In 1591, the assembly appointed him to write against sacrilege; his Three
Sermons on that subject were approved of, and ordered to be printed by the
Presbytery of Edinburgh, November 12, 1594 (See Records), but from some
unknown cause, were not published till 1599. In 1594, be published "A New
Treatise on the right reckoning of Yeares and Ages of the World," for the
purpose of showing that the year 1600 was not, as his countrymen supposed,
the proper year of the jubilee. In 1601, he was appointed by the General
Assembly to revise the Psalms. In 1596 and 1602, he was chosen commissioner
of Orkney, and his name was first in the list of those who were intended
for the qualified prelacies. In 1604, he published a tract on the union of
the kingdoms, "De Unione Britanniae, seu de Regnorum Angliae etScotiae
omniumque adjacentium insularum in unam Monarchiam consolidatione, deque
multiplici ejus Unionis utilitate Dialogus." Mr Fraser Tytler, who appears
to have perused it, says, [Life of Sir Thomas Craig, 218.] "This political
treatise, which is written in Latin, in the form of a dialogue between three
fictitious speakers, Irenaeus, Polyhistor, and Hospes, is chiefly valuable
from its furnishing us with some curious pictures of the political state of
the country, and the rude manners of the times.* * * The picture he presents
of the intolerable tyranny of the nobles in their strong and remote
fortresses, of the impotency of the arm of the law, and the personal terrors
of the judges, who trembled before these petty princes, very completely
proves that there was no poetical exaggeration in the verses of Sir Richard
Maitland." Pont died on the 8th May, 1606, and was interred, it is said, in
the church of St Cuthbert’s, where a monument was erected to his memory,
with an epitaph, partly in English, partly in very questionable Latin. He
had prepared a more ample edition of his work on the Jubilee Year, which was
published in quarto, in 1619. [Sibbald Bibliotheca Scotica (MS. Adv. Lib.)
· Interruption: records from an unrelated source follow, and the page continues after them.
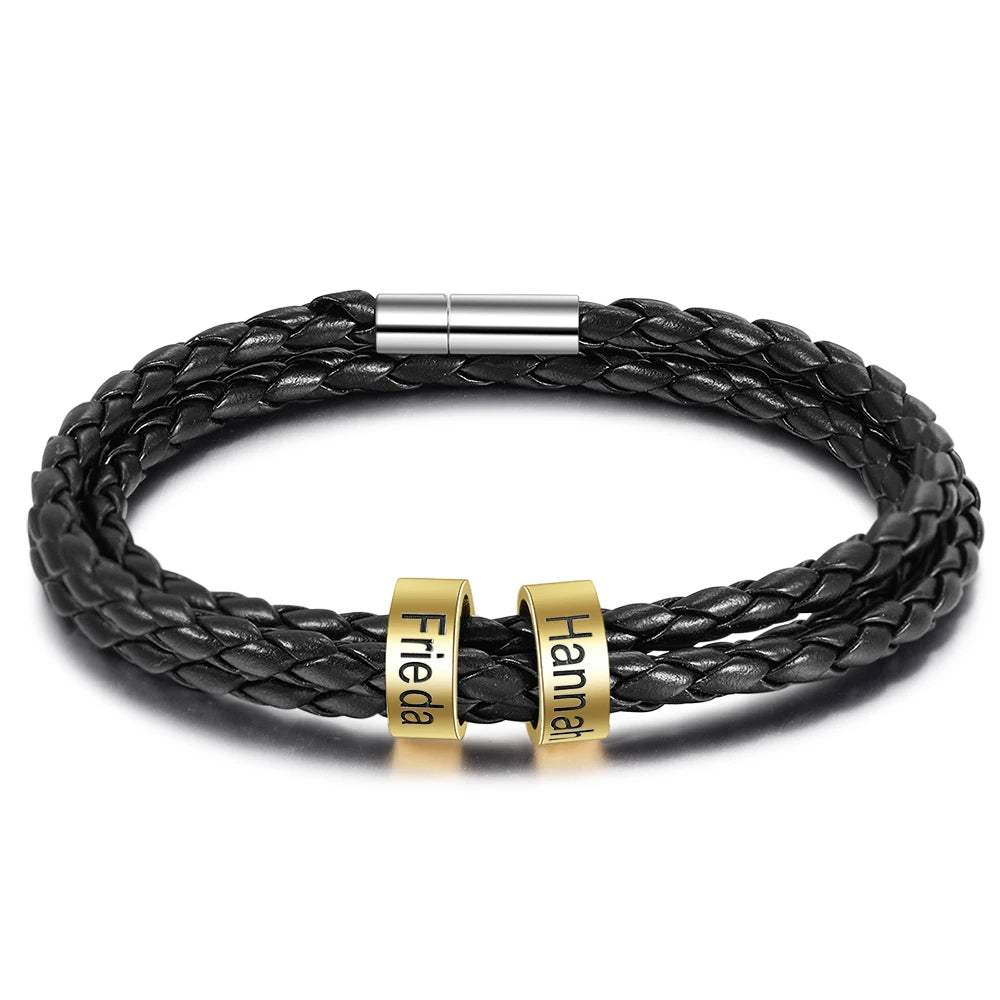 pulsera de cuero multicapa personalizada para hombre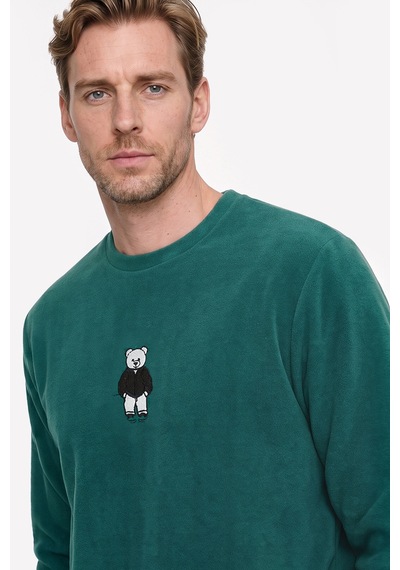 Ac&Co / Altınyıldız Classics Erkek Yesıl Anti-pilling Tüylenme Yapmayan Bisiklet Yaka Nakışlı Sweatshirt Polar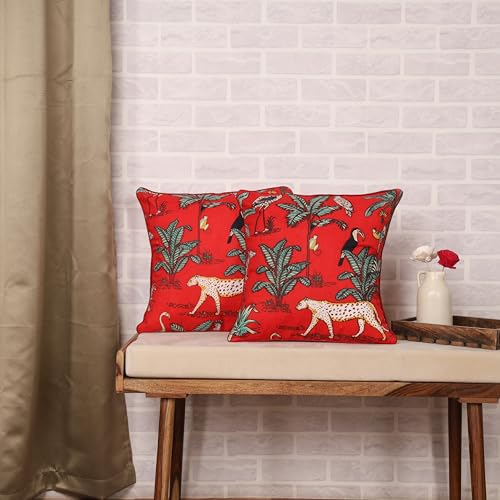 Image of Red Cushion Pillow Covers Pack of 5 16 /16 Inch Decorative Throw Pillow Covers 16x16 inch Set of 5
224, 225. In the second part of this work, there is put down to the name of
Roberius Pontanus, "Parvus Catechismus quo examinari, possunt qui ad sacram
coenam admittuntur." Andrean. 1573. For a more full account of Pont, see
History of the Church and Parish of St Cuthberts, Edinburgh, 1829, pp.
20-41, and Wodrow’s Biog. Coll. vol. i.] Besides these works Pont wrote
Chronologia de Sabbatis, published at London in 1626. His Aureum Seculum,
his Translation of Pindar’s Olympic Odes, his Dissertation on the Greek
Lyric Metres, his Lexicon of Three Languages, and Collection of Homilies,
all of which David Buchanan says he saw in MS. are now nowhere to be found.